Plants like hydrangeas, sibirica, and ‘bud’s yellow’ work very well for this and will start to grow roots in the water. Remember to keep these fronds and branches in light places, otherwise they’ll wilt.
Macrame Plant Hangers
To maximize space, you’ll want to use layers across the three dimensions of space. A great way to do this is through hanging plants. Flower pots that would usually be cluttering space on shelves and tables can be hung from the ceiling, using macrame. Macrame is the art of knotting string and ropes in creative patterns. By using macrame, you can loop the plant pot straight into the rope, and hang it from the ceiling.
For even more versatility, try using various types of plants. Play with placing long, dangling plants and vines from higher heights, with smaller, herbaceous plants lower down. That way, you’ll get a more diverse visual experience.
Indoor Forest Corners
If you have a spare corner in one of your rooms that needs a little life, why not turn it into an indoor forest? You can do this by creating multiple layers of plants - maybe even a few edible treats!
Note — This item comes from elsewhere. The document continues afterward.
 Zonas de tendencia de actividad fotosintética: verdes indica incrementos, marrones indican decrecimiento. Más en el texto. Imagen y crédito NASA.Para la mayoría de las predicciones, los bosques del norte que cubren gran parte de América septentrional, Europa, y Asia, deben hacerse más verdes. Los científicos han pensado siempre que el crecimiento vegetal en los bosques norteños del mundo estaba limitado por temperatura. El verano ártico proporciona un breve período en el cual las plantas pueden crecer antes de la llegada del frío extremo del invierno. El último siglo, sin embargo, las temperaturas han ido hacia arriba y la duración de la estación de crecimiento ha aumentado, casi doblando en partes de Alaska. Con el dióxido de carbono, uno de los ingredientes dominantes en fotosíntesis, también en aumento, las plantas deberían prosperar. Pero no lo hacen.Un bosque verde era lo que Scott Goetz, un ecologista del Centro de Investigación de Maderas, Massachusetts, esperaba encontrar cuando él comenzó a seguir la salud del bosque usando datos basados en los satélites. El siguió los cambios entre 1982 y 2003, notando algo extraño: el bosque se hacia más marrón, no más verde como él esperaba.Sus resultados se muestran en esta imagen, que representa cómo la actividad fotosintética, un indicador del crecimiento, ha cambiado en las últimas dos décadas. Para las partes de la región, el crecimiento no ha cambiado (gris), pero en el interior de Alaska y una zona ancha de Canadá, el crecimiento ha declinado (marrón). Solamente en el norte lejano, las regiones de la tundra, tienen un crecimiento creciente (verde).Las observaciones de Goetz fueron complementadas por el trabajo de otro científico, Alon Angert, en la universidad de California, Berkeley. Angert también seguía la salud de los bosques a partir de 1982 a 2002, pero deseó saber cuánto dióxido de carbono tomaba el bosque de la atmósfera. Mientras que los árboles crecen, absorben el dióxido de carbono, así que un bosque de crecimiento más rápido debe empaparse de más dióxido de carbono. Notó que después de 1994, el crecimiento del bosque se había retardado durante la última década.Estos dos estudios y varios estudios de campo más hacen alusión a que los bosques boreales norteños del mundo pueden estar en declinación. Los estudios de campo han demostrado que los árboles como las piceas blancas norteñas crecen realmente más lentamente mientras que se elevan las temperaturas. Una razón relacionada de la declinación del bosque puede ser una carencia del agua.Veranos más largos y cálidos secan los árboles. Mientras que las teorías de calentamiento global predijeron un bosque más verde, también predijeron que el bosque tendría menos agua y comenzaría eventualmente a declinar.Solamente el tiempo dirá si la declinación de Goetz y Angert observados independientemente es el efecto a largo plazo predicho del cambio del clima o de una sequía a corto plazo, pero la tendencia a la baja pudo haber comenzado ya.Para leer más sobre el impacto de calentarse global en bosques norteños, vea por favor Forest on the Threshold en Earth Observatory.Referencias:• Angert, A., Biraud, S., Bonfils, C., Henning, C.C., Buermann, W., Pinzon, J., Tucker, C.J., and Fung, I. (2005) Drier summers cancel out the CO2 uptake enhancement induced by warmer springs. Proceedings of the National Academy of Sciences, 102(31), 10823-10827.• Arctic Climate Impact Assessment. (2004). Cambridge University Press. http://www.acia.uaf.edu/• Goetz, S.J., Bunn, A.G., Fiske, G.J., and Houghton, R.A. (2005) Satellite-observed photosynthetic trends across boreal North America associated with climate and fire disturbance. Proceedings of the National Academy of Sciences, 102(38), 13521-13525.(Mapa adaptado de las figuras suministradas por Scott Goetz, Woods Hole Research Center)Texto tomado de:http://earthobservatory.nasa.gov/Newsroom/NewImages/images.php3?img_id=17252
If you’re limited for space, try to limit your plant selection to lower level pot plants and tall, thin species like bamboo. If you have high ceilings and more room, why not experiment with growing a tree or two indoors. You can forest the corner with a bigger potted tree, complemented with two smaller options - such as dwarf fruit trees. Surround these with smaller potted plants and herbs on the floor or on small stacks of books or steps - this gives the illusion of space by using variable heights.
Another great minimalist technique for improve greenery in your home is to create artwork with your plants. If you have a bare wall that needs a little color, you can mount plants straight on to the wall. Try to use smaller, wall-mount pots, that have one flat side that sits flush to the wall. Remember to think about weight before you anchor a bunch of heavy soil to a plasterboard wall! For a more artistic feel, put big frames around them to give the impression of framed pictures.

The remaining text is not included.